The latter court then entered an order to show cause directed to the relator commanding her to appear and show cause why she should not be held in contempt of the Juvenile Court of Sarasota County for failure to comply with the order of the Juvenile Court of Seminole County.

The question thus presented to this court is, whether the Juvenile Court of Sarasota County may hold the relator in contempt for violating the order entered by the Juvenile Court of Seminole County?

Chapter 39, Florida Statutes, F.S.A., provides for the establishment and operation of juvenile courts within this state. Section 39.02 (1) provides, in part, as follows:

"The juvenile court shall have exclusive original jurisdiction of dependent and delinquent children domiciled, living or found within the county or district in which the court is established. The juvenile court of the county or district in which the child is found shall assume jurisdiction of the child, which jurisdiction shall be exclusive unless the judge thereof, upon approval of the judge of the juvenile court of the county or district in which is located the domicile or usual residence of the child, shall transfer the case and child to the latter court, before or after hearing, in which event the latter court shall thereafter exercise exclusive jurisdiction."
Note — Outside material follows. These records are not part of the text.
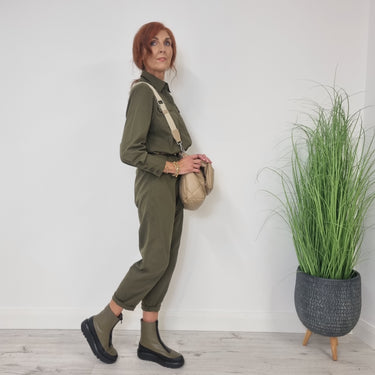 Wonders Olive Leather Front Zip Sneaker Boots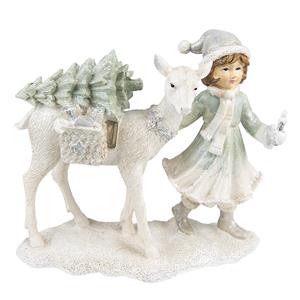 Clayre & Eef Beeld Kind 18 Cm Wit Kunststof Kerstdecoratie Beeld Decoratie Decoratieve Accessoires Wit Kerstdecoratie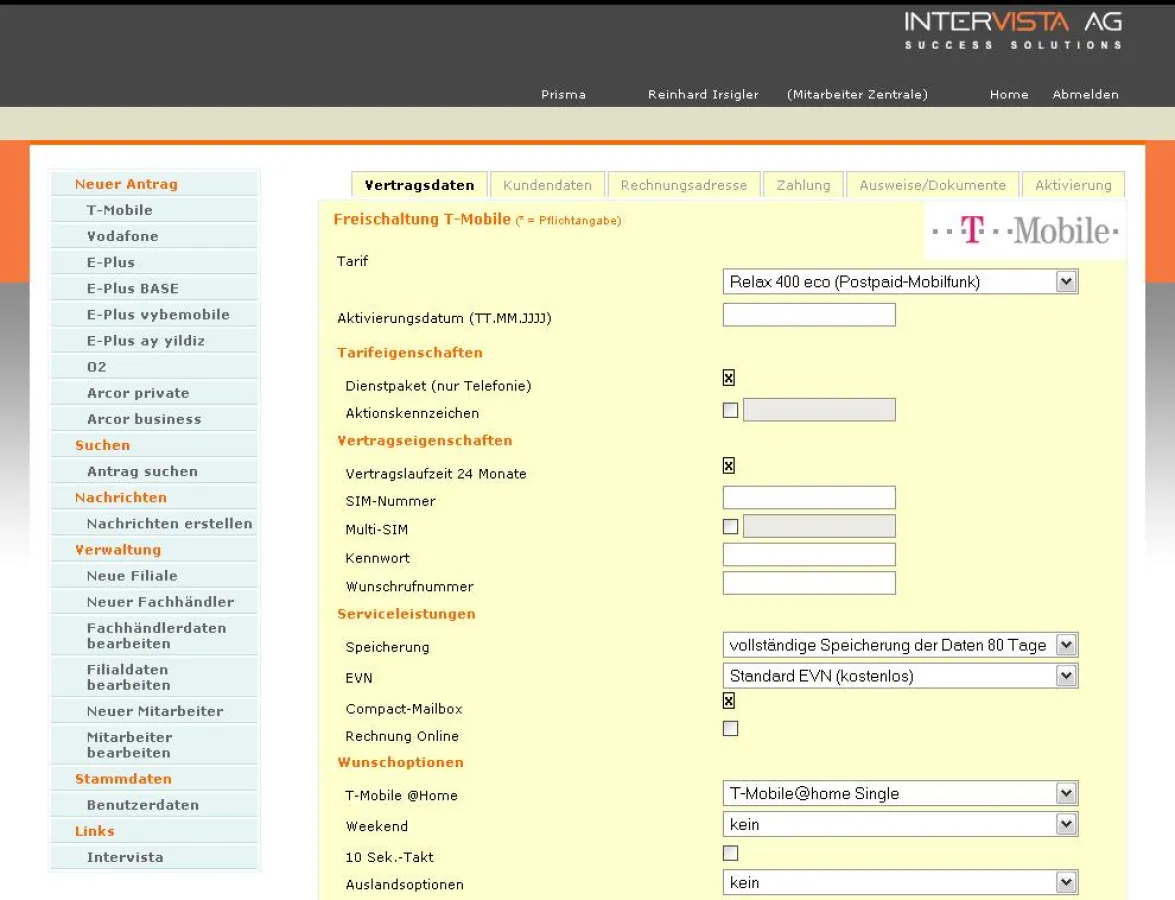 IV::WEBACTIVE Antragsmaske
If statutory authority is required for the juvenile court to have the power to punish for contempt, it is provided by Section 39.13, Florida Statutes, F.S.A.
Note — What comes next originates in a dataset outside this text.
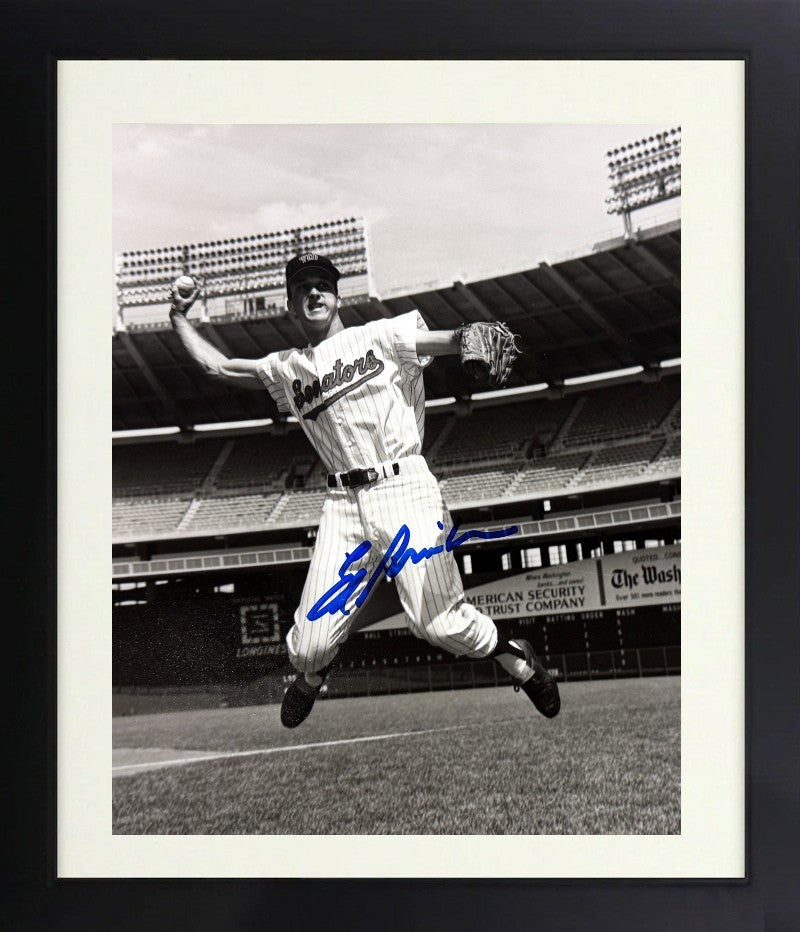 Ed Brinkman signed Washington Senators B&W 8x10 Photo Framed- COA/Show Ticket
As a general rule, the power to punish for contempt rests with the court contemned, and one court cannot punish a contempt against another court. Demetree v. *99 State ex rel. Marsh, Fla. 1956, 89 So. 2d 498; State ex rel. Sherman v. Thomas, 1937, 128 Fla. 231, 174 So. 413. There are, however, exceptions to this general rule, one being, if the other court be an agency or a part of the court of which contempt is charged. Another is the power of an appellate court to enforce an order made by the lower court. State ex rel. Sherman v. Thomas, supra; 12 Am.Jur. 423, Contempt, § 48. For the reasons hereinafter explained, we are of the view that the authority cited is not controlling as to our specific question, because the effect of the transfer of the cause was as if all of the proceedings had been had in the cause in the court to which it was transferred.

"Where an order of removal of a cause from one court to another is properly made, the former court is thereby divested of jurisdiction and the jurisdiction of the latter court attaches and the cause proceeds as if originally instituted there, unless, by virtue of some statutory provision, a transfer of the cause has the effect of limiting the issues, and all subsequent proceedings in the court to which the cause was transferred must conform to the practice and procedure of that court." 21 C.J.S. Courts § 517 page 783.

By operation of the Statute providing for the transfer, the Juvenile Court of Sarasota County would thereafter have exclusive jurisdiction, and the jurisdiction of the Juvenile Court of Seminole County thereby terminated so that any subsequent order entered in Seminole County would have been a nullity. Thus, at the time of the entry of the order to show cause, the only court authorized to punish the relator for violation of the custody order was the Juvenile Court of Sarasota County. To hold that the Sarasota Court did not have jurisdiction would result in the fact that there was no court which could punish the relator for violating the custody order.

"Where the court against which the contempt is committed has been replaced by, or the subject matter of the main cause placed within the territorial jurisdiction of, another court, the latter court has power to punish the offender." 17 C.J.S. Contempt § 51, page 65.

We, therefore, conclude that upon the transfer of this cause from the Juvenile Court of Seminole County to the Juvenile Court of Sarasota County, the latter court had exclusive jurisdiction of the cause, including the power to punish for contempt for failure to abide by the terms of an order entered prior to the transfer.

The judgment is reversed with directions to discharge the writ of prohibition.

Reversed.

ALLEN, Acting C.J., and KANNER, J., concur.